We can then calculate the Flesch-Kincaid readability/complexity score with the `quanteda.textstats` package like so.
```{r}
speeches$flesch.kincaid <- textstat_readability(speeches$text, measure = "Flesch.Kincaid")
# returned as quanteda data.frame with document-level information;
# need just the score:
speeches$flesch.kincaid <- speeches$flesch.kincaid$Flesch.Kincaid
```
We want this information aggregated over each of our politicians: Gordon Brown, Jose Zapatero", David Cameron, and Mariano Rajoy.

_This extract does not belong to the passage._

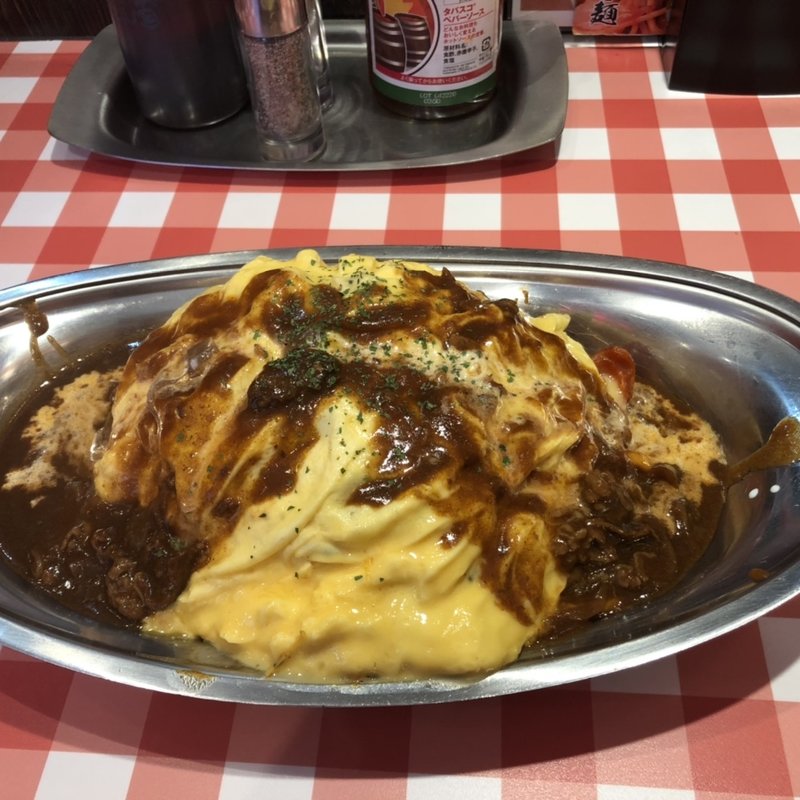 オムスパ(スパゲッティーのパンチョ 大阪なんば店)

These are recorded in the data under a column called "speaker."
```{r}
#get mean and standard deviation of Flesch-Kincaid, and N of speeches for each speaker
sum_corpus <- speeches %>%
group_by(speaker) %>%
summarise(mean = mean(flesch.kincaid, na.rm=TRUE),
SD=sd(flesch.kincaid, na.rm=TRUE),
N=length(speaker))
# calculate standard errors and confidence intervals
sum_corpus$se <- sum_corpus$SD / sqrt(sum_corpus$N)
sum_corpus$min <- sum_corpus$mean - 1.96*sum_corpus$se
sum_corpus$max <- sum_corpus$mean + 1.96*sum_corpus$se
```
And this gives us data in tidy format that looks like so.
```{r}
sum_corpus
```
Which we can then plot---and we see that our results look like those in Figure 1 of the published article by @schoonvelde_liberals_2019.
```{r}
ggplot(sum_corpus, aes(x=speaker, y=mean)) +
geom_bar(stat="identity") +
geom_errorbar(ymin=sum_corpus$min,ymax=sum_corpus$max, width=.2) +
coord_flip() +
xlab("") +
ylab("Mean Complexity") +
theme_minimal() +
ylim(c(0,20))
```
## Exercises
1. Compute distance measures such as "euclidean" or "manhattan" for the MP tweets as above, comparing between tweets by MPs and tweets by PM, Theresa May.
2. Estimate at least three other complexity measures for the EU speeches as above. Consider how the results compare to the Flesch-Kincaid measure used in the article by @schoonvelde_liberals_2019.
3. (Advanced---optional) Estimate similarity scores between the MP tweets and the PM tweets for each week contained in the data. Plot the results.